BURGER (AA): Ich kann noch darauf hinweisen, dass die Außenministerin in der kommenden Woche am Rande des Treffens der NATO-Außenministerinnen und ‑Außenminister in Bukarest im Rahmen der G7-Präsidentschaft ein Treffen auch über den G7-Kreis hinaus ausrichten wird, bei dem es darum geht, Zusagen für einen Notfallkoordinierungsmechanismus für Energieinfrastruktur zur Unterstützung der Ukraine zu erreichen. Die Ministerinnen und Ministern werden sich dafür über die laufenden Bemühungen austauschen, bestehende Lücken identifizieren, die dringendsten Bedürfnisse priorisieren und Unterstützungsmaßnahmen miteinander abstimmen.
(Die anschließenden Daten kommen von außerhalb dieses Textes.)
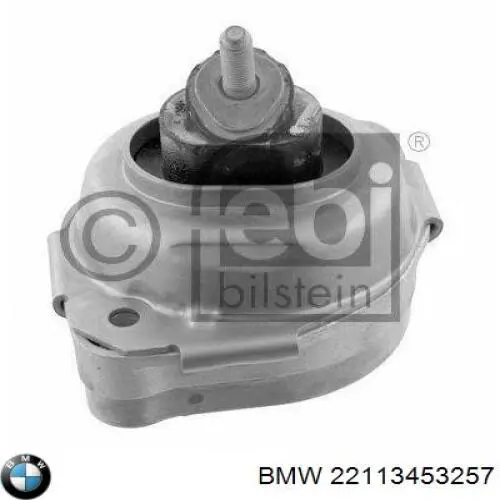 Poduszka (podpora) silnika prawa BMW 22113453257 cena, od 74,18 USD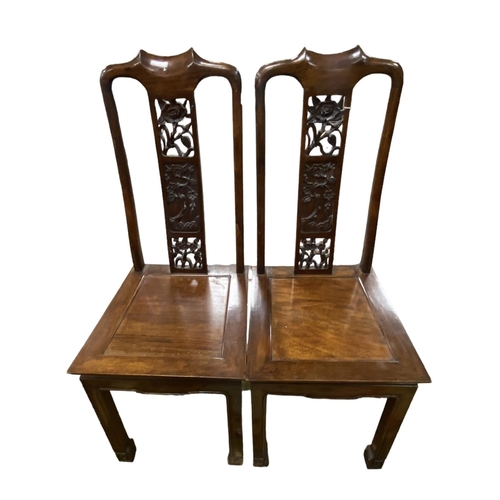 41 - Stunning Pair of Mahogany Hall Chairs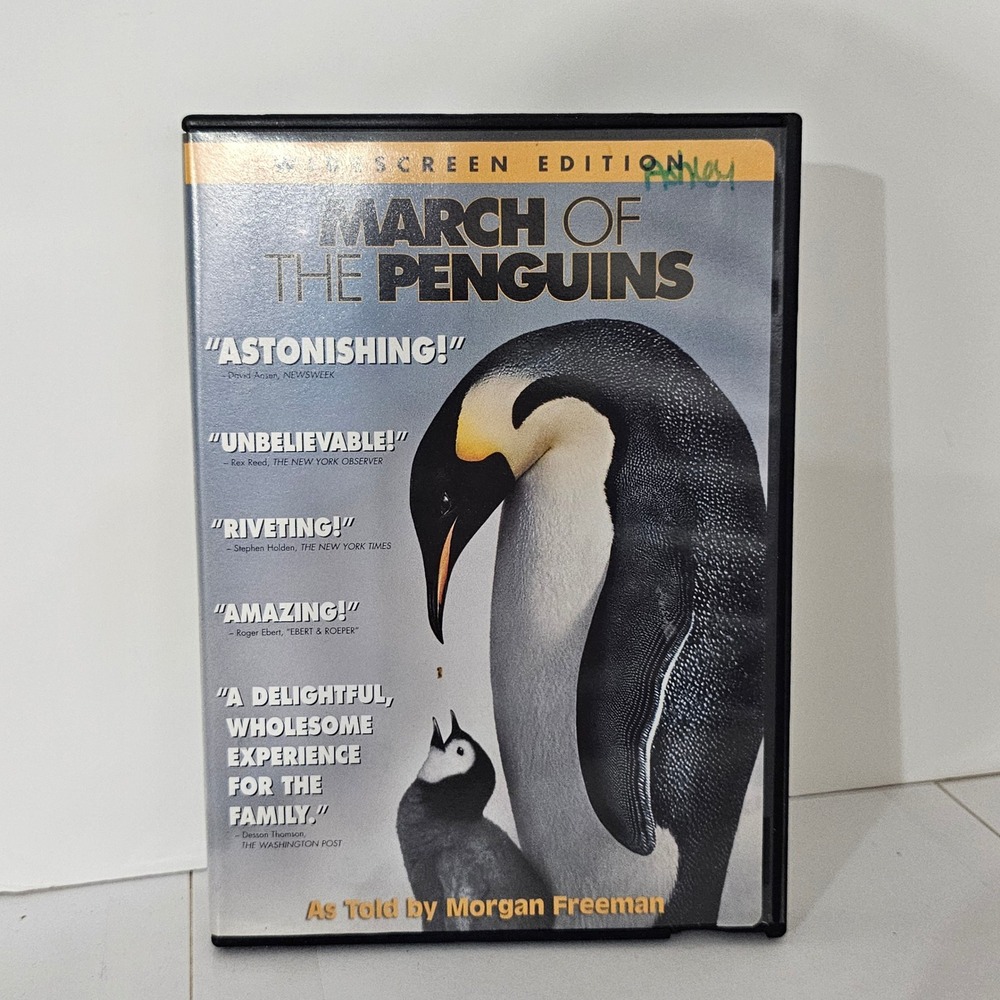 March of the Penguins DVD Widescreen Morgan Freeman National Geographic 75730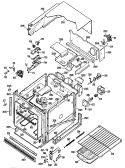 Part Location Diagram of WB07X0783 GE TRIM BOTTOM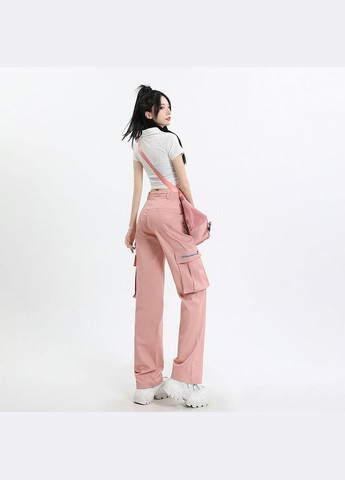 Женские джинсы клеш высокая талия с карманами пудра No Brand - (308976949)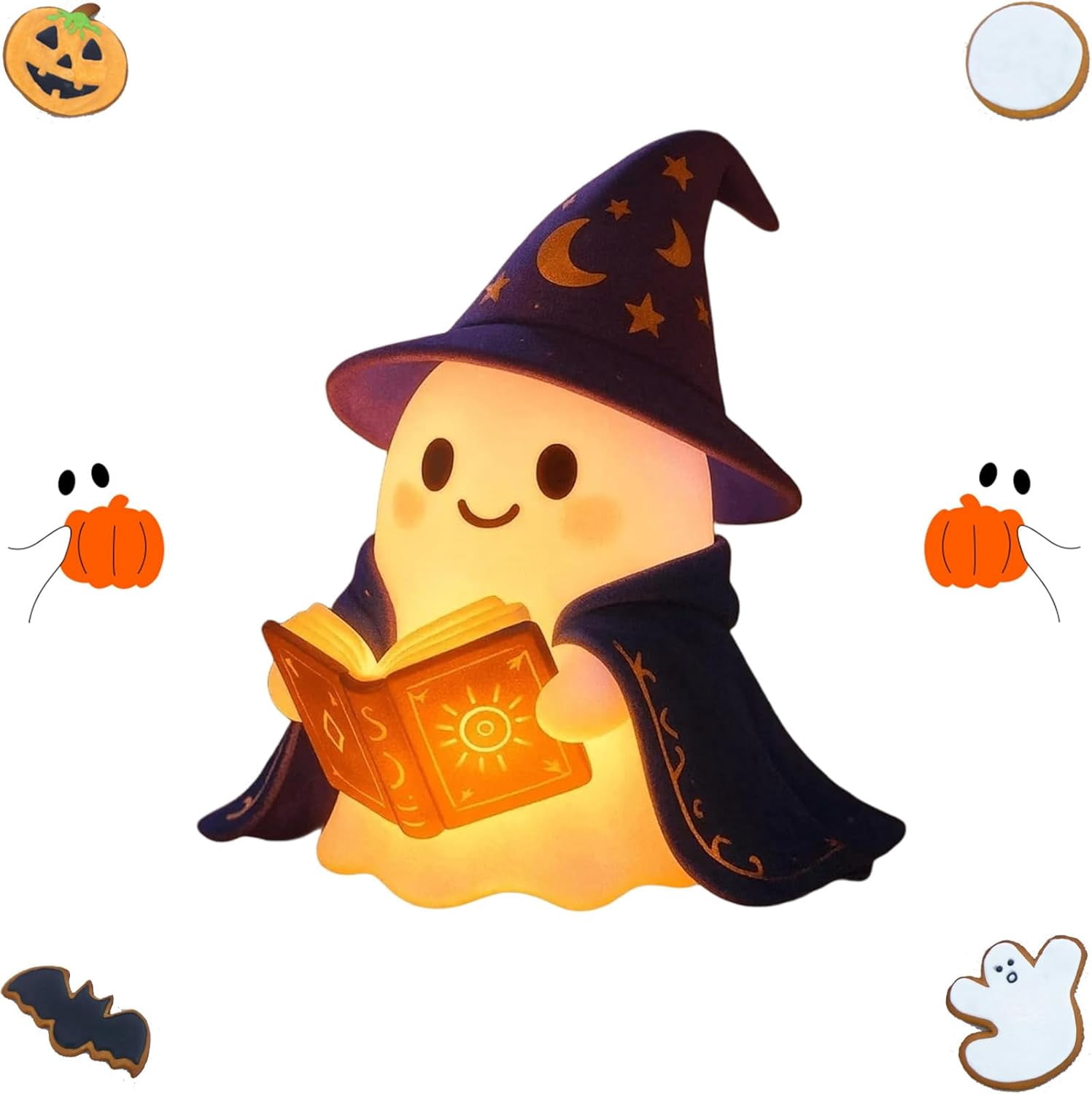 YZEGDCH Halloween Lights Halloween Cute Ghost Night Lights Halloween Kids-Touch LED,Dimmable,Nursery/Bedside/Bedroom Lights - Gift for Boys&Girls&Baby&Toddler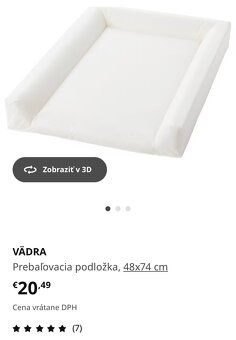 Prebaľovací pult GULLIVER Ikea - 4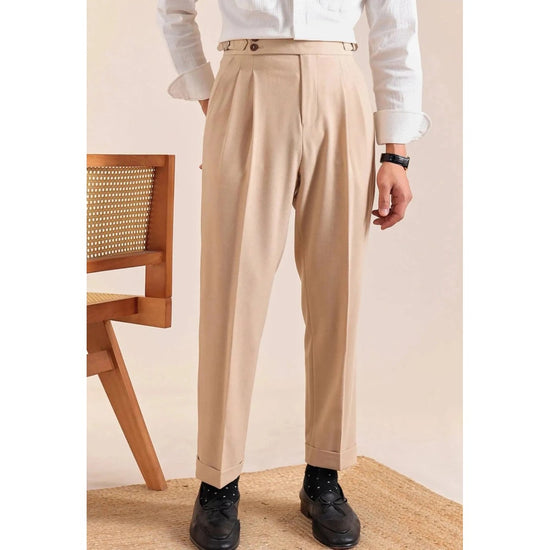 Double-pleat neapolitan trousers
Dabei wird es auch um die Stärkung der Fähigkeiten der Ukraine gehen, ihre Infrastruktur vor den russischen Angriffen zu schützen.

Vieles von dem, was wir tun, hat Frau Hoffmann gerade schon ausgeführt. Der Kollege aus dem BMI kann sicherlich über die Sachen, die wir teilweise gemeinsam zwischen den Ressorts mit dem THW machen, Auskunft geben. Auch andere Ressorts ‑ ich glaube, BMWK und BMZ ‑ sind hier mit umfangreichen Hilfsleistungen vertreten.

Ich sage vielleicht kurz, was das Auswärtige Amt im Bereich der humanitären Hilfe an Winterhilfe für die Ukraine in Umsetzung hat. Dabei geht es um insgesamt 100 Millionen Euro. Bis Jahresende sollen etwa 300 000 Personen mit Decken, Matratzen und winterfester Kleidung, 75 000 Haushalte mit Heizungen und 50 000 weitere Haushalte mit Brennstoffen ausgestattet werden. Gemeinschaftsunterkünfte für 40 000 Menschen sollen winterfest gemacht und Wohnungen von 18 000 Haushalten gedämmt werden. Wir haben außerdem erste Mittel für den sogenannten Ukraine Energy Support Fund bereitgestellt.

Vielleicht kann der Kollege aus dem BMI etwas zur Unterstützung durch das THW sagen.

[…]

FRAGE: Herr Burger, ich habe eine technische Frage. Es gibt das NATO-Außenministertreffen, das dann um die G7-Außenminister erweitert wird, oder sind daran noch mehr Außenminister beteiligt? In welcher Form findet das statt? Sind sie physisch vor Ort?

BURGER: Es gibt das Treffen der NATO-Außenministerinnen und -Außenminister. Am Rande dieses Treffens richten wir ein Treffen in einem erweiterten G7-Format aus. Das ist jetzt nicht NATO plus, sondern es ist G7 plus. Den genauen Teilnehmerkreis kann ich Ihnen heute noch nicht sagen. Ob sich dort einzelne Teilnehmerinnen oder Teilnehmer möglicherweise virtuell zuschalten, kann ich Ihnen auch noch nicht sagen. Wie gesagt, das ist ein Treffen, das wir einfach aufgrund der Tatsache, dass ein erheblicher Teil der einschlägigen Staaten ohnehin physisch vor Ort in Bukarest sein wird, ausrichten werden.

Ein Kollege, der aufmerksam zuschaut, wirft mir gerade zu: Aus dem G7-Kreis wird jedenfalls Japan per Zuschaltung teilnehmen. Soweit wir bisher wissen, sind alle anderen Teilnehmer physisch vor Ort.